<<<<
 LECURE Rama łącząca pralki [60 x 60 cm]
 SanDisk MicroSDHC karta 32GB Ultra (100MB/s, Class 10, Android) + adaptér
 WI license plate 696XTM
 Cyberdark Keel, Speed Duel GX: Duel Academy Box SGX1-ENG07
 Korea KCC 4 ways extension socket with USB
>>>>
## Required work
Each line from the one that includes "WI license plate 696XTM" down to the close of the records above is to be given again exactly, and no other line is to appear.

## Response below
 WI license plate 696XTM
 Cyberdark Keel, Speed Duel GX: Duel Academy Box SGX1-ENG07
 Korea KCC 4 ways extension socket with USB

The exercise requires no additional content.